§ WORK REQUEST
The answer must be exactly the lines from the one containing "Printed Beach Holiday Cover Up" through the end of the material, with both ends kept and no other lines.

§ EXERCISE INPUTS
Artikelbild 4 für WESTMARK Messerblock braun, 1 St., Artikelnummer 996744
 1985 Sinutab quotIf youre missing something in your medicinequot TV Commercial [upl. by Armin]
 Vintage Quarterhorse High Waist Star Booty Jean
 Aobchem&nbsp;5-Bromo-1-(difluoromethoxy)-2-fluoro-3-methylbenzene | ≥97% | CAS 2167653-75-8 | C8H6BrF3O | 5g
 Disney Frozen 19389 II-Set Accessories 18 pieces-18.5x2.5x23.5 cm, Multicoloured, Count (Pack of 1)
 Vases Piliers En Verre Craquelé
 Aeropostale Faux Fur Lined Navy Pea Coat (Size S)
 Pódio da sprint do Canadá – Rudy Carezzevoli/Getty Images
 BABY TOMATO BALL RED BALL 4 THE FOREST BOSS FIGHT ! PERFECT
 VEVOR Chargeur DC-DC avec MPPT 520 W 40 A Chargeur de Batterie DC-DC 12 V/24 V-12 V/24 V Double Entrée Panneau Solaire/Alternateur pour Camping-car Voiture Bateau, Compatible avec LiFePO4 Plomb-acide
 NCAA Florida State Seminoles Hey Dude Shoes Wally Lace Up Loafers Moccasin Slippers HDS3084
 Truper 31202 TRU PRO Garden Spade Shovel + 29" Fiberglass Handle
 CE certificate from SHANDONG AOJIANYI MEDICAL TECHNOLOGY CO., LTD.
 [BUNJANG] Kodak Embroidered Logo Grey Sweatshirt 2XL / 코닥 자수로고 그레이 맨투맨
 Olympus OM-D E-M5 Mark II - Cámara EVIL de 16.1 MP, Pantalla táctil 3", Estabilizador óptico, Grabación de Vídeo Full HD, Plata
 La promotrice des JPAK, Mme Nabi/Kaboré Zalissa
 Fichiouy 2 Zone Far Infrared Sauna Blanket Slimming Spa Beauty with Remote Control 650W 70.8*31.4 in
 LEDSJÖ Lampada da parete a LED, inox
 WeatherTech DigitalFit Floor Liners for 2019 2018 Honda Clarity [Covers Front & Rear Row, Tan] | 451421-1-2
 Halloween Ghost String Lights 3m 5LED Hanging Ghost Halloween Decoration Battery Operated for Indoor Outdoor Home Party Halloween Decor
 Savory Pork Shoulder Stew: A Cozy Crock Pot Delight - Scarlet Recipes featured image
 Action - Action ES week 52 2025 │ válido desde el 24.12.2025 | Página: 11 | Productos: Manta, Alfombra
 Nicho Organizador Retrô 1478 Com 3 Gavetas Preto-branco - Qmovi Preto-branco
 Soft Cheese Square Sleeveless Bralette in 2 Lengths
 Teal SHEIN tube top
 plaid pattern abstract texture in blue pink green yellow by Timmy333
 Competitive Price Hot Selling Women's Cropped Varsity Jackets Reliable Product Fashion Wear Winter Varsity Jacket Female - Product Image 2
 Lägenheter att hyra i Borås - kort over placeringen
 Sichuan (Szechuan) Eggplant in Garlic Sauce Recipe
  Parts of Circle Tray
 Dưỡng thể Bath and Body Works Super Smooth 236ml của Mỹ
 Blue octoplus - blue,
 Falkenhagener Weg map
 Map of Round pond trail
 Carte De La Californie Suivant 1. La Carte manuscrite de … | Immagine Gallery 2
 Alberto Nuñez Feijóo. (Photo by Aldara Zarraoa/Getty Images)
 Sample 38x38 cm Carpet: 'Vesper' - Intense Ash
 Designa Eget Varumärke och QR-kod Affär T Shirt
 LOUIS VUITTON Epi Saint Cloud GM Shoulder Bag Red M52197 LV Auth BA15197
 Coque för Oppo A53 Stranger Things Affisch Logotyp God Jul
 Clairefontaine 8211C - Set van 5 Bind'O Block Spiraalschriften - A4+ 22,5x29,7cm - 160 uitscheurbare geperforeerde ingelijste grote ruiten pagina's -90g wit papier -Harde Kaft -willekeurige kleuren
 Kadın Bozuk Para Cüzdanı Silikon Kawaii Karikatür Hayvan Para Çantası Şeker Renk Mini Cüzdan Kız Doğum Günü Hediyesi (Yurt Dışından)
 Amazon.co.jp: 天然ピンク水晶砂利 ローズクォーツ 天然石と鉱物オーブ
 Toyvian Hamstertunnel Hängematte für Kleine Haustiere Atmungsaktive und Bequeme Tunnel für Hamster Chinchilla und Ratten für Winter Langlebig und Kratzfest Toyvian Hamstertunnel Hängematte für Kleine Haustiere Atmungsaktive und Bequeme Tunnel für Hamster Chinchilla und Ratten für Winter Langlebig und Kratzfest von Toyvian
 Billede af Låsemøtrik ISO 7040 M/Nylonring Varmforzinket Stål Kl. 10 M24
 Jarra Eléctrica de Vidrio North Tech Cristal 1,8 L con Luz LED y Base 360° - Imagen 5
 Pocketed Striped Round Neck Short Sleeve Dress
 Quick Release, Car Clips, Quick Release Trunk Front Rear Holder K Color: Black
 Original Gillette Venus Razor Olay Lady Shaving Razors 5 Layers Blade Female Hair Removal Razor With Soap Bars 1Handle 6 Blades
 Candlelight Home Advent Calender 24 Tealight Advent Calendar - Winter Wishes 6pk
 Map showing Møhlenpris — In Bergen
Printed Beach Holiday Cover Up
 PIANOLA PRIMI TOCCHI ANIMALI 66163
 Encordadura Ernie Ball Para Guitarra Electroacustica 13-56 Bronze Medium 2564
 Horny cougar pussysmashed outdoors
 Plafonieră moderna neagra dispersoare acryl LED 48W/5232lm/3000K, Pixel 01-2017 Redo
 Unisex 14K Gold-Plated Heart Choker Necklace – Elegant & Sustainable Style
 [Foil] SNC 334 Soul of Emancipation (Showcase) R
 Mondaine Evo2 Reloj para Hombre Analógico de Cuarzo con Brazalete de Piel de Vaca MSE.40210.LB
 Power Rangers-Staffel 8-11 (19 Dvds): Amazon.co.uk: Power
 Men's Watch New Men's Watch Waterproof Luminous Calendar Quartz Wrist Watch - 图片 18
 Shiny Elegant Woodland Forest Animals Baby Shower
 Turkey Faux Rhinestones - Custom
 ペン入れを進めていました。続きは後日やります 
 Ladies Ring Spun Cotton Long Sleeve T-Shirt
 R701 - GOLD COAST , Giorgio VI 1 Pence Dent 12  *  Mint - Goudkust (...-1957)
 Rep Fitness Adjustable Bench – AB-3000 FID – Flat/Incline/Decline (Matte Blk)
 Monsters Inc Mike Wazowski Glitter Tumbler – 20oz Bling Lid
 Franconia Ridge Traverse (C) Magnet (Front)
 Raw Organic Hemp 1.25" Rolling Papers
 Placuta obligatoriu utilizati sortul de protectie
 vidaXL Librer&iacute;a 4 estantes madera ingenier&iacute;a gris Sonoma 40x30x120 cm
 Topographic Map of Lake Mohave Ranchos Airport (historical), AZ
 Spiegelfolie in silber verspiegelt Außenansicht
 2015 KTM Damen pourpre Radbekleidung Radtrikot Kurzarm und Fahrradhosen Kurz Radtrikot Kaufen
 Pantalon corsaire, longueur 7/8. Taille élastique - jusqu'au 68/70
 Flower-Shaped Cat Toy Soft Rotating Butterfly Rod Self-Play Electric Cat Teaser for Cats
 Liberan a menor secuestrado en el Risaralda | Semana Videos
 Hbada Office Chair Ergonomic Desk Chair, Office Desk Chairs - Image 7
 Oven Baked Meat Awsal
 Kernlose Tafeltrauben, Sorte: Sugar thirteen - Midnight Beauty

§ EXERCISE SOLUTION
Printed Beach Holiday Cover Up
 PIANOLA PRIMI TOCCHI ANIMALI 66163
 Encordadura Ernie Ball Para Guitarra Electroacustica 13-56 Bronze Medium 2564
 Horny cougar pussysmashed outdoors
 Plafonieră moderna neagra dispersoare acryl LED 48W/5232lm/3000K, Pixel 01-2017 Redo
 Unisex 14K Gold-Plated Heart Choker Necklace – Elegant & Sustainable Style
 [Foil] SNC 334 Soul of Emancipation (Showcase) R
 Mondaine Evo2 Reloj para Hombre Analógico de Cuarzo con Brazalete de Piel de Vaca MSE.40210.LB
 Power Rangers-Staffel 8-11 (19 Dvds): Amazon.co.uk: Power
 Men's Watch New Men's Watch Waterproof Luminous Calendar Quartz Wrist Watch - 图片 18
 Shiny Elegant Woodland Forest Animals Baby Shower
 Turkey Faux Rhinestones - Custom
 ペン入れを進めていました。続きは後日やります 
 Ladies Ring Spun Cotton Long Sleeve T-Shirt
 R701 - GOLD COAST , Giorgio VI 1 Pence Dent 12  *  Mint - Goudkust (...-1957)
 Rep Fitness Adjustable Bench – AB-3000 FID – Flat/Incline/Decline (Matte Blk)
 Monsters Inc Mike Wazowski Glitter Tumbler – 20oz Bling Lid
 Franconia Ridge Traverse (C) Magnet (Front)
 Raw Organic Hemp 1.25" Rolling Papers
 Placuta obligatoriu utilizati sortul de protectie
 vidaXL Librer&iacute;a 4 estantes madera ingenier&iacute;a gris Sonoma 40x30x120 cm
 Topographic Map of Lake Mohave Ranchos Airport (historical), AZ
 Spiegelfolie in silber verspiegelt Außenansicht
 2015 KTM Damen pourpre Radbekleidung Radtrikot Kurzarm und Fahrradhosen Kurz Radtrikot Kaufen
 Pantalon corsaire, longueur 7/8. Taille élastique - jusqu'au 68/70
 Flower-Shaped Cat Toy Soft Rotating Butterfly Rod Self-Play Electric Cat Teaser for Cats
 Liberan a menor secuestrado en el Risaralda | Semana Videos
 Hbada Office Chair Ergonomic Desk Chair, Office Desk Chairs - Image 7
 Oven Baked Meat Awsal
 Kernlose Tafeltrauben, Sorte: Sugar thirteen - Midnight Beauty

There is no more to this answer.